Monday, July 21, 2014
It is obvious to anyone who has traveled around the United States that cultural assumptions, behaviors, and norms vary widely. We all know, for instance, that the South is more politically conservative than the Northeast. And we at least vaguely assume that this is rooted in different outlooks on life.

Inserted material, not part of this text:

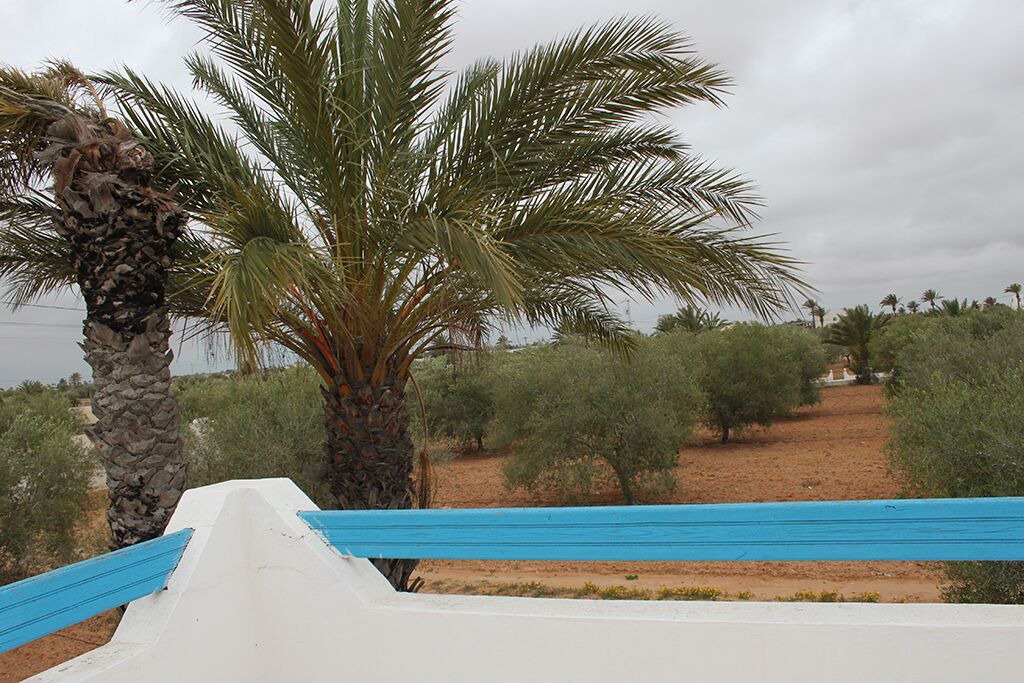 Photo of Outdoor in Djerba Midoun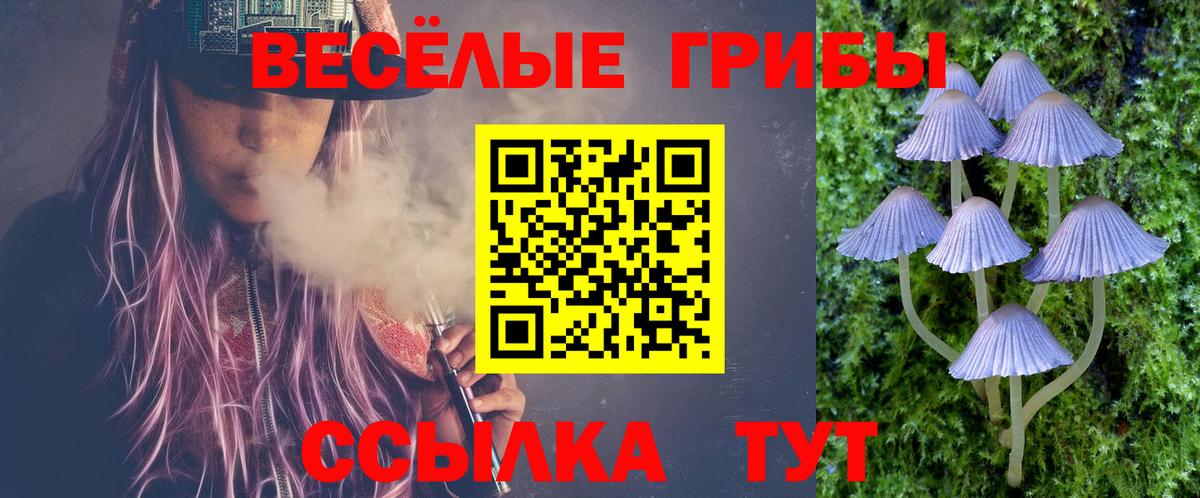 хочу   Вход с VPN  Энгельс  Галлюциногенные грибы Psilocybe  Псилоцибиновые грибы Psilocybine cubensis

But why do these different outlooks exist, and correspond so closely to different regions? In a paper recently published in the Proceedings of the National Academy of Sciences (and discussed more here), psychologists Jesse R. Harrington and Michele J. Gelfand of the University of Maryland propose a sweeping theory to explain this phenomenon. Call it the theory of "tightness-looseness": The researchers show, through analysis of anything from numbers of police per capita to the availability of booze, that some US states are far more "tight"—meaning that they "have many strongly enforced rules and little tolerance for deviance." Others, meanwhile, are more "loose," meaning that they "have few strongly enforced rules and greater tolerance for deviance."
The 10 tightest states? Mississippi, Alabama, Arkansas, Oklahoma, Tennessee, Texas, Louisiana, Kentucky, South Carolina, and North Carolina. The 10 loosest, meanwhile, are California, Oregon, Washington, Nevada, Maine, Massachusetts, Connecticut, Hawaii, New Hampshire, and Vermont. (Notice a pattern here?)